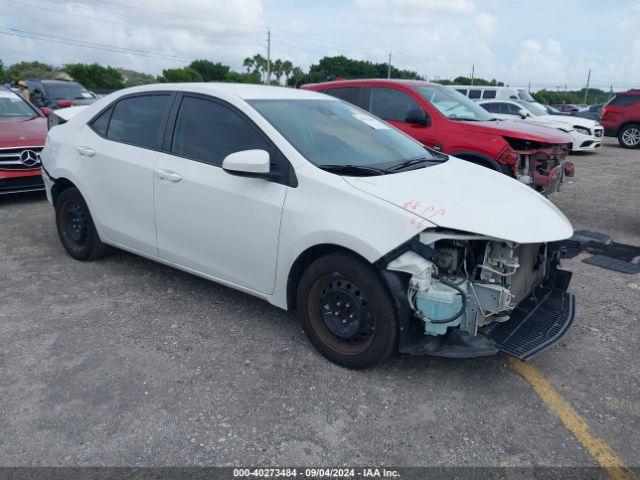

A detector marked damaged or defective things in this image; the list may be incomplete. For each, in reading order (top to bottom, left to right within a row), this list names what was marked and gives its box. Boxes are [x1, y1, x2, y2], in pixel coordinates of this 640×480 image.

red damaged vehicle [0, 87, 48, 194]
red damaged vehicle [302, 79, 572, 194]
front-end collision damage [378, 230, 576, 360]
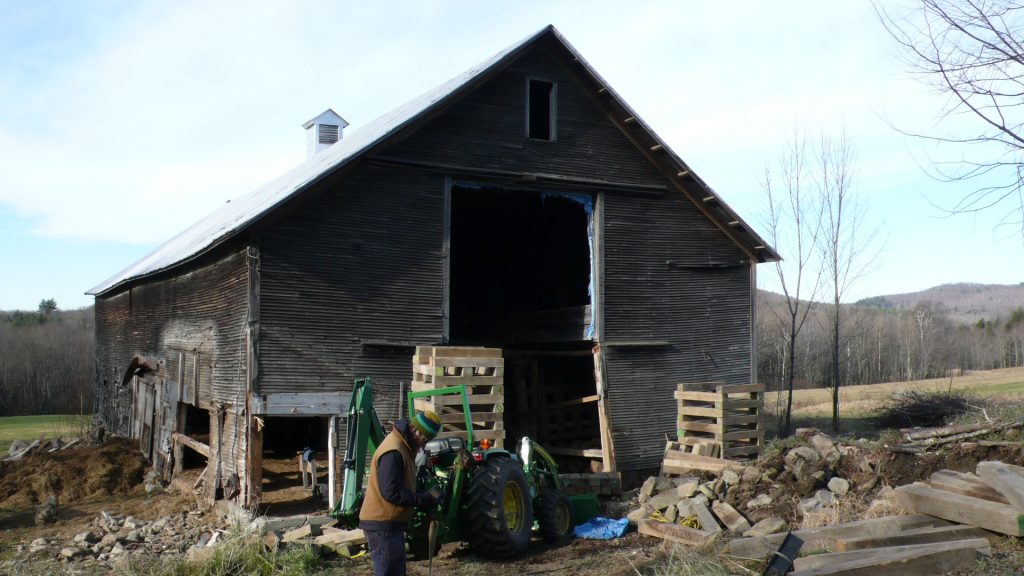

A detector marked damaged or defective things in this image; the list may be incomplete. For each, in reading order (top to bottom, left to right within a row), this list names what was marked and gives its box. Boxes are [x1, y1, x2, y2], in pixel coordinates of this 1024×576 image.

broken siding [94, 249, 252, 432]
broken siding [258, 165, 446, 410]
broken siding [600, 191, 752, 470]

- - -

• **WORK INSTRUCTIONS**
Make an exact copy of the records above, with the pictures left out.

• **WRITTEN REPLY**
A detector marked damaged or defective things in this image; the list may be incomplete. For each, in reading order (top to bottom, left to right within a row), this list names what was marked and gives its box. Boxes are [x1, y1, x2, y2], in pixel coordinates of this 640×480 image.

red damaged vehicle [0, 87, 48, 194]
red damaged vehicle [302, 79, 572, 194]
front-end collision damage [378, 230, 576, 360]

A detector marked damaged or defective things in this image; the list may be incomplete. For each, in reading order (top to bottom, left to right within a row), this list names what was marked and gives its box. Boxes are [x1, y1, x2, y2], in pixel coordinates of this 1024×576 image.

broken siding [94, 249, 252, 432]
broken siding [258, 165, 446, 410]
broken siding [600, 191, 752, 470]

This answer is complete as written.